Популистская баталия
Дебаты в Великобритании оказались весьма показательными, только в другом смысле. Сторонникам выхода не удалось доказать отрицательный характер Европы. С интеллектуальной точки зрения в их поражении не остается сомнений: в доказательство своего утверждения им быстро пришлось отбросить цифры и факты, перейдя в поле чистых эмоций. От оценок экономических и социальных последствий выхода Великобритании из ЕС отмахиваются небрежным движением руки как от «необъективных». Размышления об оказавшейся в одиночестве Англии (швейцарская, норвежская, турецкая модель?) так и не удостоились серьезного представления. Однако поражение в сфере здравого смысла не имеет значения, ведь борьба разворачивается в самом что ни на есть популистском поле: разжигание заблуждений и страхов, начиная, разумеется, с иммиграции и потери британским народом «контроля над своей собственной судьбой».
Именно поэтому сторонники Европы не нашли, что ответить. Их слова об общих налоговых нормах, координации политики и вложениях во Frontex совершенно бессильны перед критикой европейской технократии. Заявления о демократизации ЕС воспринимаются как шутка. На эмоции можно отвечать только эмоциями. Сейчас, когда Европа отцов-основателей больше не работает, нужно было бы сделать упор на общей культуре, гуманистической модели, «цивилизации глобализации», как говорит Патрик Лами. С интеллектуальной точки зрения это, конечно, очень правильно.
Британский референдум и популистская риторика в целом контрастируют с тем, чем была Европа после Второй мировой войны — зоной согласия и либерального интернационализма (как в экономическом, так и политическом плане). Сегодняшние мировые проблемы (климат, терроризм, иммиграция) требуют региональных и глобальных решений, а стремление наций закрыться в себе иллюзорно. Европа сегодня важна, как никогда.
Это все правда. Только скажите рабочему, что Европа хорошая, потому что гуманистическая… К европейским представлениям сегодня никто не прислушивается, потому что они туманные, теоретические и противоречат чувствам людей.

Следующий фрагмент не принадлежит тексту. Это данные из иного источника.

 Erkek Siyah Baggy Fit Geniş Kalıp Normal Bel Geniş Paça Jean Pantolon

Единственным вариантом для Европы было бы по-настоящему работать на благо европейских народов. Это подразумевает и положительные представления в нашем мире страхов, где эмоции играют роль аргументов. Но это означает, что Европе для начала нужно работать правильным, позитивным образом. Но последние 20 лет, с эпохи Ширака-Шредера модель Монне-Делора была заброшена в угоду межправительственной, в рамках которой с Еврокомиссией никто не считается, а все решают государства. Эта модель призвана обеспечить лучшее соблюдение национальных интересов, и отчасти это верно. Но в целом машина больше почти не продвигается вперед и плодит одно лишь разочарование. Греческий кризис стал спасительной халтурой, но он ничего не дал в плане видения нашей экономики в среднесрочной перспективе. Что с переводами? Долгами? Общим бюджетом? Межправительственная Европа породила еще большую технократию, на которую возложили всю вину. Из-за национальных правительств на смену европейскому духу пришло уныние. В таких условиях от народов не приходится ждать любви к Европе.

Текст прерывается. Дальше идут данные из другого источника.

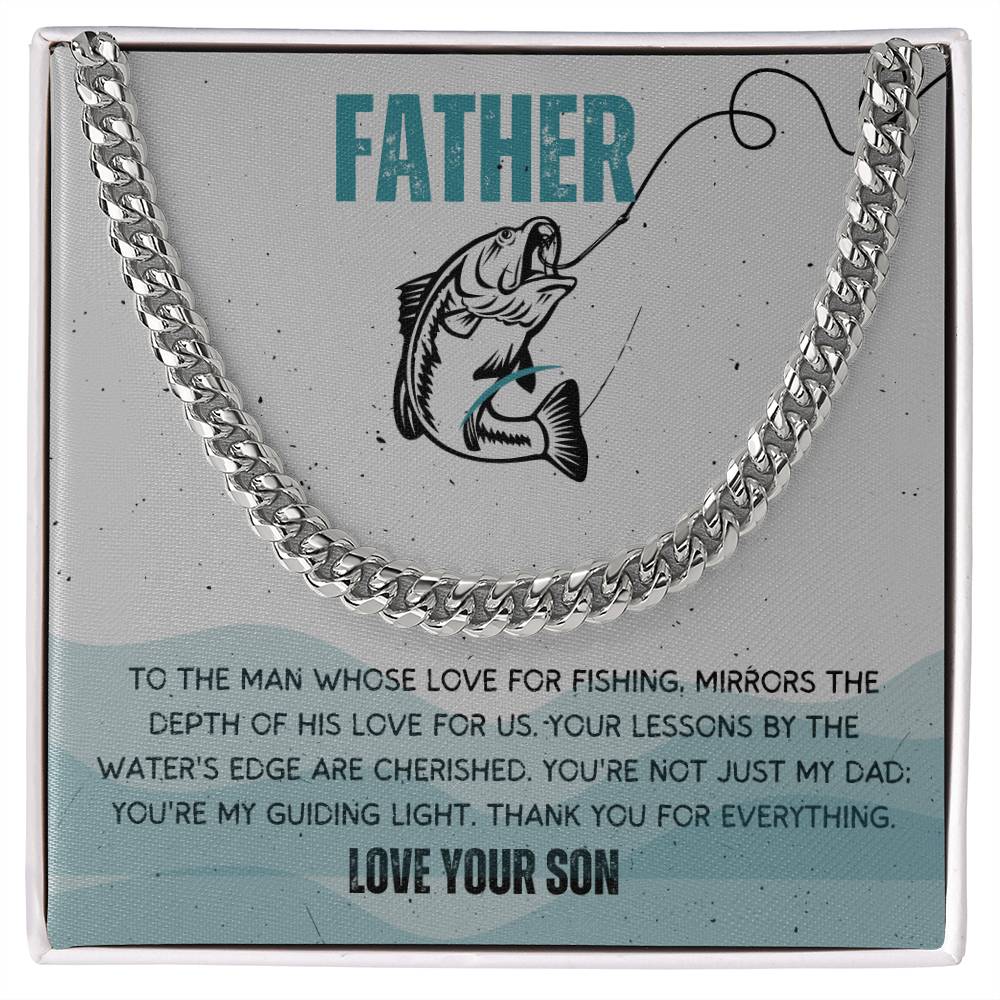 Dad- Love for fishing-Cuban Link Chain - Essential Home Zone Essential Home Zone Jewelry Dad- Love for fishing-Cuban Link Chain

Подъем в сторону федерализма в ЕС — всего лишь мечта. Выйти из межправительственной схемы невозможно. Если мы хотим, чтобы дальнейшая интеграция не оказалась очередной халтурой и обрела реальный смысл, Франции и Германии необходимо в срочном порядке отбросить разногласия и выработать единый подход. Преодолеть нелюбовь народов сможет только политический союз. Вызов серьезный, а путь очень трудный. Но если Париж и Берлин окажутся не в силах выработать философский консенсус в экономической, военной и организационной сфере, следующими на выход будут немцы.